For any audio conversion, start with the best possible source recording. This means well recorded voice in a room with good acoustics and a professional quality microphone and preamp. You can achieve the best results with careful mic placement in close proximity to the the sound source. For voice, place the mic to below or side of the speaker's mouth in order to avoid distortion due to plosives. You can also incorporate a pop-filter to avoid this distortion.
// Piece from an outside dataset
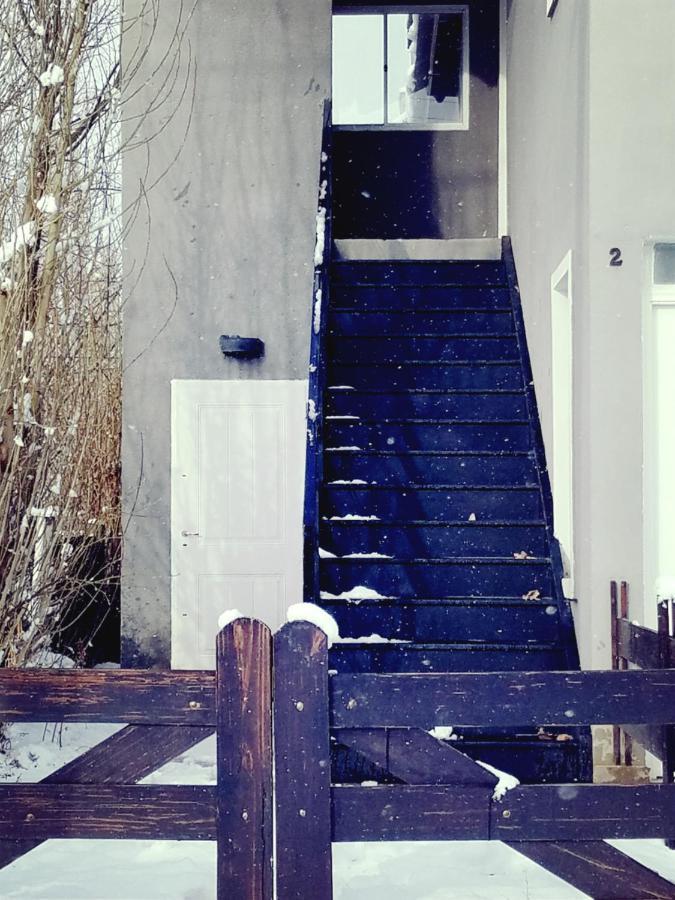 Departamento Calafate Centrico #3 Daire El Calafate Dış mekan fotoğraf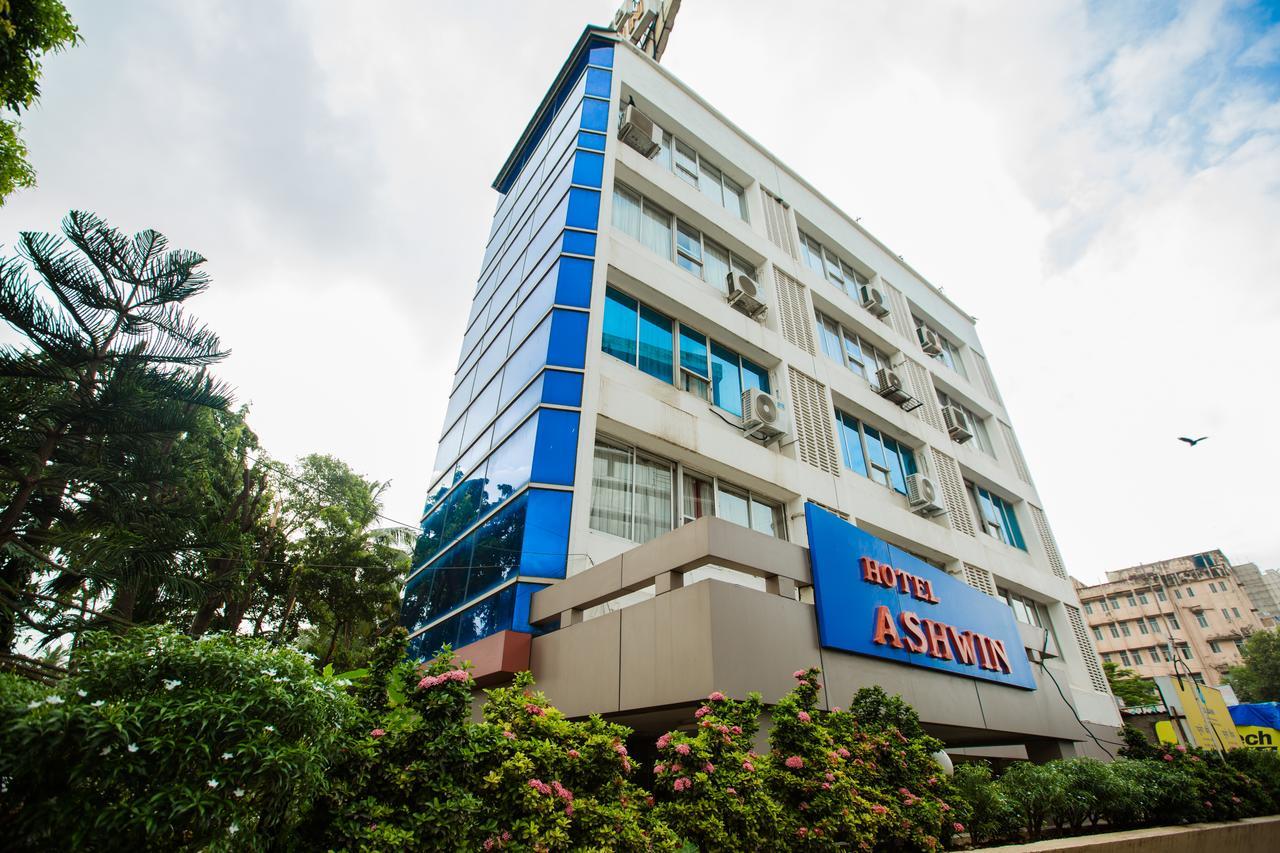 Hotel Ashwin Mumbai Dış mekan fotoğraf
Record your source at 44.1kHz or 48Khz sample rate to a 16- or 24-bit mono uncompressed WAV or AIFF file. If available, compressor/limiter and equalization processors can help you get very best audio quality.

Post processing

After recording, archive your recordings in that source format. Transcoding to telephony standard will degrade the audio quality to a large degree, and by keeping a high-quality archive you have the option of reusing the source material.

Use an audio software editing program such as Audacity (a very suitable freeware utility) to trim leading and trailing silence from the recording, to normalize the volume, and to apply and equalization to the source file.
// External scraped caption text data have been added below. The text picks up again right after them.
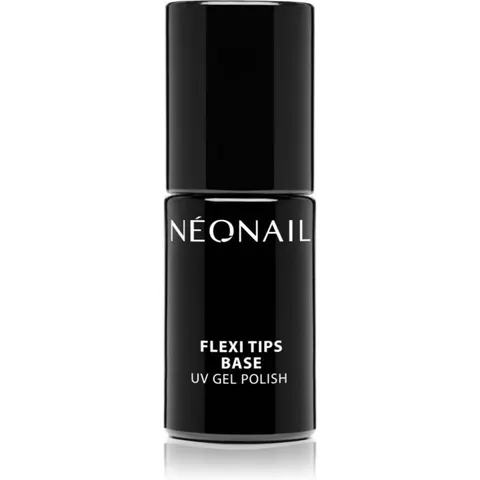 NEONAIL UV Gel Polish Flexi Tips Base – Transparent 7.2 – Bild 2
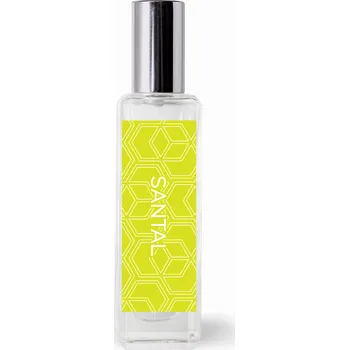 Osvěžovač vzduchu Osvěžovač vzduchu Carbon Collective Cologne - Sprayable Scents (Santal)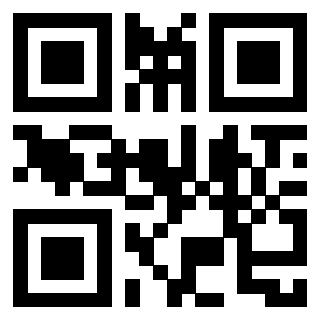 Il QrCode di 3911042418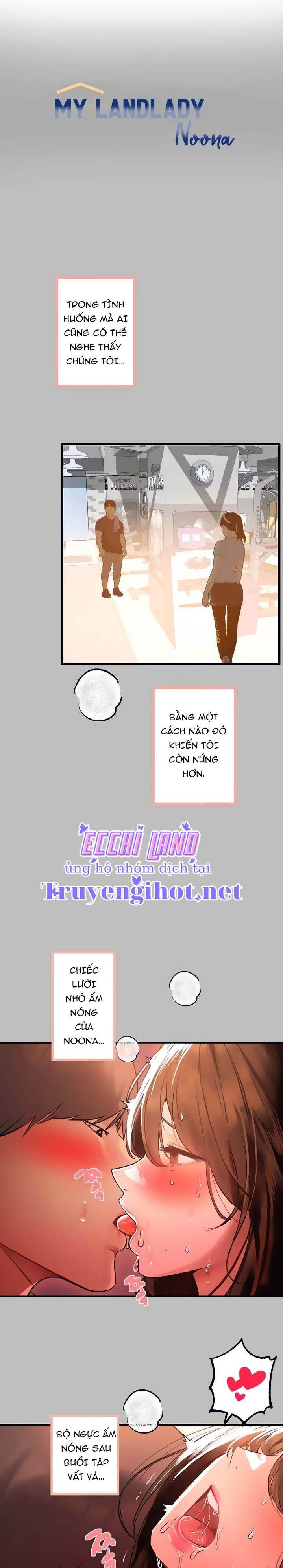 đọc truyện Chị Chủ Nhà Của Tôi Chương 67.1 ảnh 3 tại Thiên Thai Truyện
If you have stereo sources, convert these to mono and prior to uploading to your server for use with Twilio. This enables you to monitor the audio for any stereo-to-mono phase artifacts.

Sample Rate Conversion & Transcoding

Keep in mind that there will be unavoidable compression artifacts once the file is transcoded to 8-bit uLaw. These will manifest mostly as loss of transient response. Also keep in mind that playback on a mobile device will sound considerably worse than a landline phone, due to additional transcoding to GSM format and the adverse impact of poor cell reception.

When uploading an audio file to your server for use with Twilio you have a couple of options of handling the sample rate conversion that is part of the overall transcoding of the audio file. Depending on your audio software's capabilities, each option may yield the best results, so it is worthwhile to try each:

1) Upload the high-quality file to your server and let Twilio handle all aspects of the transcoding.

2) Transcode your audio file in advance. If your audio software editor has sample rate convertor and encoding capabilities, this option affords you some degree of control over the final results. Also, the quality of sample rate convertors (to go from high-quality 44.1Khz or 48Khz to 8Khz) varies depending on the algorithm used, so you can compare Twilio with that of your own audio software.

Avoid Lossy format conversions

Always use the best source recording and avoid any file format that converts one lossy format to another (ie MP3 to 8-bit uLaw), this will definitely introduce additional artifacts.

Also avoid the temptation to compensate for the limited 8Khz bandwidth by over-emphasizing the higher frequencies in your audio source. This doesn't accomplish much and your results can sound worse - but you can experiment with modest amounts of  EQ.

Pro tip: Use an equalizer to roll off low frequencies (under 200hz) to help remove room background noise, emphasize the 2-3Khz range to improve intelligibility, and notch out 1.2Khz slightly to smooth out harsh sounding voices.